What you should do:
Without changing a word, copy every line of the listing below and leave out the images.

Dataset excerpt:
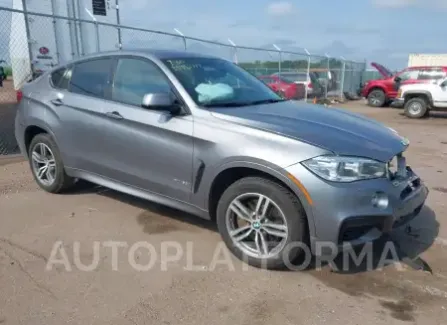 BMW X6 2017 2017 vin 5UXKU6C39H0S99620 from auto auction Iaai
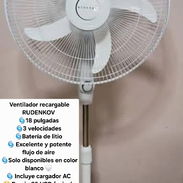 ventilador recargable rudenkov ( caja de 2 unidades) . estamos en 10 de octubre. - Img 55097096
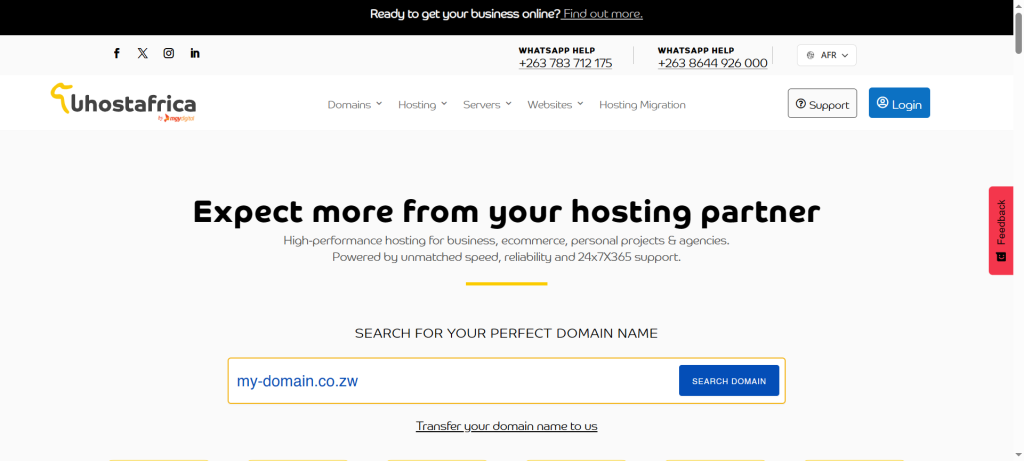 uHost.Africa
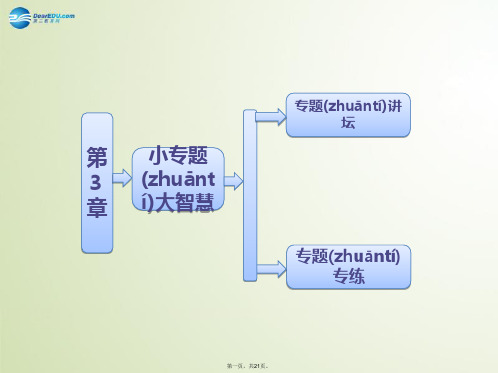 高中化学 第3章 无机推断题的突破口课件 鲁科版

Output below:
 BMW X6 2017 2017 vin 5UXKU6C39H0S99620 from auto auction Iaai
 ventilador recargable rudenkov ( caja de 2 unidades) . estamos en 10 de octubre. - Img 55097096
 uHost.Africa
 高中化学 第3章 无机推断题的突破口课件 鲁科版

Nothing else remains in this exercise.